Ora, però, occorre fare chiarezza: sarà questa la versione definitiva della fontana?

«Leggo questa mattina alcune polemiche sulla nuova fontana di Piazza Repubblica. Chiariamo un po' le idee: prima di tutto è ancora un cantiere e l'illuminazione che avete visto in qualche foto, che da ieri sera circola sul web, è solo una prova tecnica dei faretti RGB che, come in tutte le città del pianeta, verranno utilizzati esclusivamente per ricorrenze particolari e giornate mondiali. Condividerete con me infatti che non è insolito osservare monumenti, piazze, palazzi e fontane illuminati di colori diversi per sensibilizzare la città su alcuni temi importanti. Lo abbiamo già fatto con il Castello, Palazzo dei Diamanti e lo si fa da sempre con Palazzo San Crispino in occasione dell' ottobre rosa, mese di prevenzione del tumore al seno. Quindi tranquilli, per gran parte dell'anno la fontana avrà un'illuminazione normalissima ma soprattutto, vi ripeto, è ancora un cantiere, quindi nessuno dovrebbe sindacare su qualcosa che non è ancora finito. Trovo peró assurdo e incredibile che ad indignarsi, appellandosi al buon gusto, siano soprattutto quegli ex-amministratori che l'avevano distrutta rendendola una insignificante pozza di terra, abbandonata al degrado e su cui vi dormivano e bevevano alcool anche dei senzatetto, deturpandola a tutte le ore del giorno.

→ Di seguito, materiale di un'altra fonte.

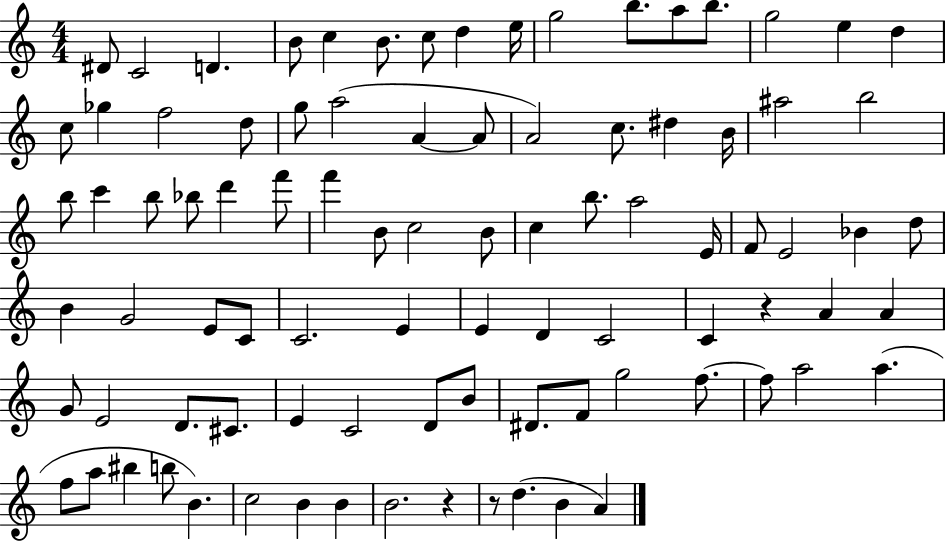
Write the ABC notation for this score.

Il tutto a pochi metri del Castello estense. Quindi rispondo loro dicendo che abbiamo evidentemente anche un concetto differente di decoro urbano. Direi...per  fortuna!».

Interviene anche l'assessore competente per delega, Andea Maggi, che dalla sua pagina istituzionale di Facebook arringa così: «Facebook è per definizione luogo di discussione e, perché no, di polemiche. A volte anche gratuite... I lavori in Piazza Repubblica stanno procedendo celermente e entro le prossime settimane, saranno terminati con il ripristino della fontana e la riqualificazione di tutta la piazza, aree verdi comprese.
Nella  giornata di ieri, l'impresa  che sta effettuando i lavori ha testato il funzionamento dell'impianto luci che consente anche la possibilità di illuminare la vasca con il tricolore o  con più colori. Possibilità che eventualmente potremo utilizzare in particolari occasioni o ricorrenze. Ma  sicuramente la fontana quando sarà in funzione non sarà illuminata con luci 'variopinte': se per valorizzarne ulteriormente la bellezza  sarà opportuno illuminarla di sera, lo faremo esaltando  e nel contempo rispettando al massimo il significato originario del luogo. L'illuminazione ha  un ruolo primario all’interno di qualsiasi programma di recupero.